Press Release

UK SUV sales have increased by more than a fifth in one year

February 23, 2024

SUV sales exceeded 1 million in 2023, having increased 23% between 2022 and 2023 and are an increasing share of car sales

New analysis from Transport & Environment UK has found that SUV sales in the UK have increased by 23% since 2022. In 2022 the number of new SUVs registered stood at 910k and were but now that number has grown by a third and stands at 1.12M.

In 2021 50% of all new car registrations were SUVs, in 2022 that figure stood at 57% and in 2023 that rose again to 60%. If the trend continues then in 2027 SUV registrations could make up 75% of new registrations.

Such high numbers of SUV registrations would blow a hole in UK carbon budgets as the vast majority, 83% in fact, of these SUVs are petrol and diesel cars, hybrids, or plug-in hybrids (PHEVs) meaning they are producing significant carbon emissions and will continue to do so as they remain a higher proportion of vehicles on the UK’s roads over the next 15 years.

The increase in the overall number of SUVs and the larger share of cars sold altogether is raising alarm bells as the UK’s roads are being squeezed for space, leaving other road users with significant safety concerns, and the considerable air pollution from SUV tyres.

This comes after Transport & Environment analysis last month showed that cars across Europe and the UK are growing, on average, by 1cm every two years, with UK cars being wider than the European average.

In order to address the growth of the size of cars on the UK’s roads, T&E UK is calling on car companies to prioritise smaller, more affordable electric cars and for the government to introduce weight-based taxes on the purchase of the heaviest new cars, as well as introducing a strict vehicle width limit to come into force by 2030.

Ralph Palmer, UK Electric Vehicle and Fleets Officer at Transport & Environment, said:

“SUV sales in the UK growing by more than a third in just two years is a dangerous trend that could spell disaster for the UK’s carbon budgets. The stubbornly high levels of polluting SUV sales is not only negating emissions savings from the move to battery electric vehicles, it’s embedding a culture of large, luxury cars, which is simply unsustainable. Carmakers, and the government, need to prioritise and support the production and sales of smaller, more affordable battery electric vehicles. That will ensure there are more mass market options available to British drivers so we can further progress on net zero targets.”
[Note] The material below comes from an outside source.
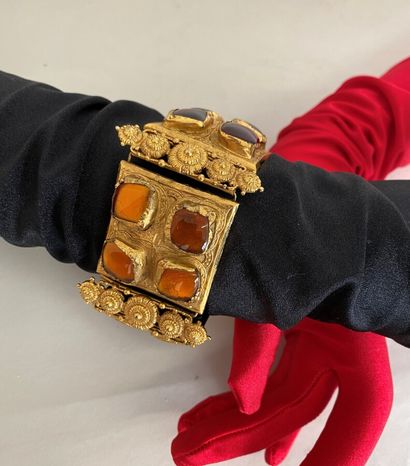 Merovingian-inspired bracelet in gilded metal...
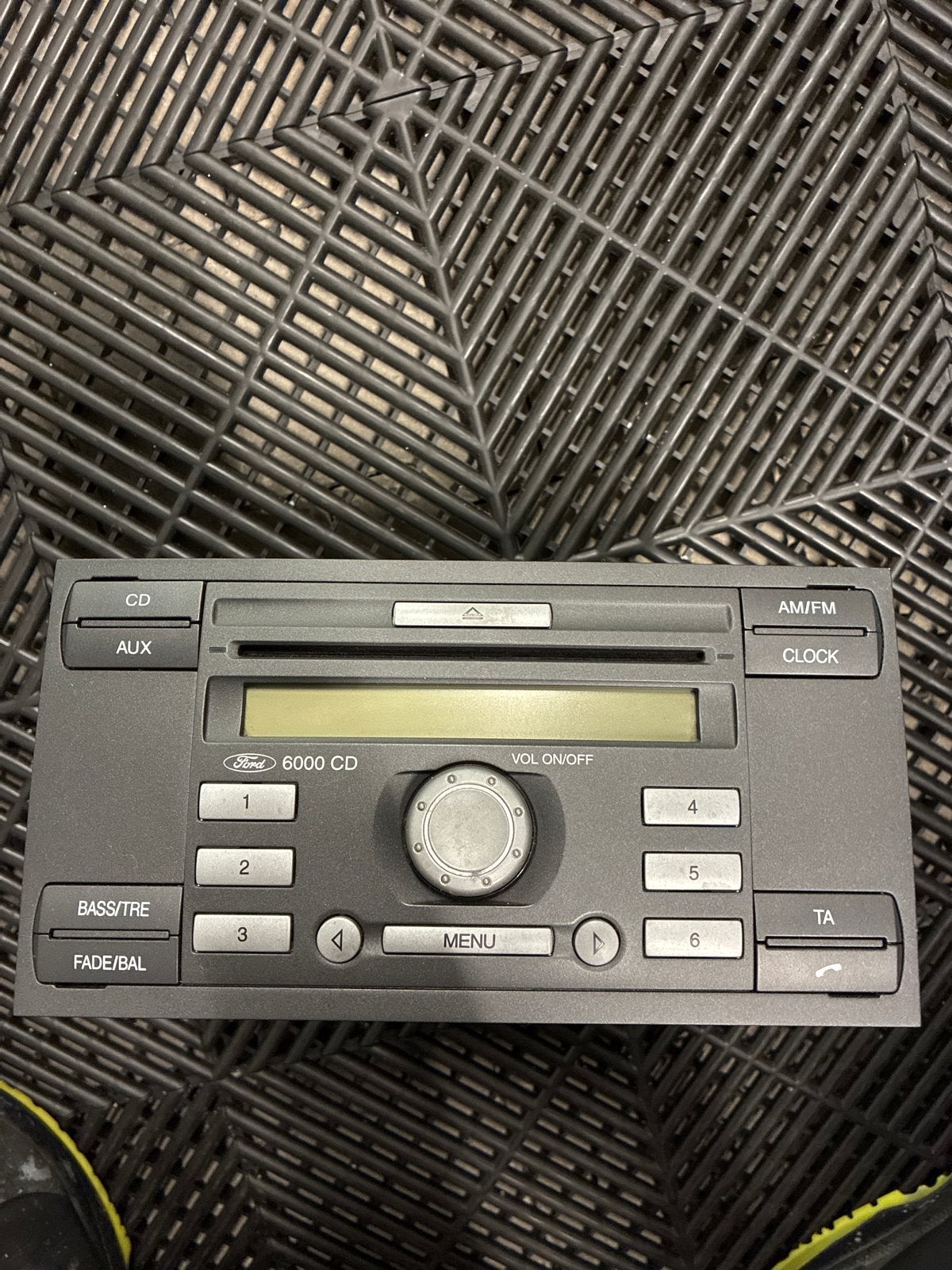 Ford 6000 CD Autoradio voor Ford Fiesta 2006, Auto diversen, Ophalen of Verzenden, Zo goed als nieuw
Sarah Rowe for the Clean Cities Campaign in Manchester, said:

“I’m worried this trend for bigger cars means we’ll simply run out of space for things we actually need; more green space to relax in, safer spaces to walk and cycle and public space for communities to thrive.Air pollution and traffic is a serious problem in our cities and this trend of bigger cars will only make it worse. Just last week Parisians voted in favour of curbing SUVs and I think this shows us that people want to see action before it’s too late.”


Notes to editors:

If you would like to speak to a spokesperson or have any questions, please contact Alexander Killeen via or on 07806431577.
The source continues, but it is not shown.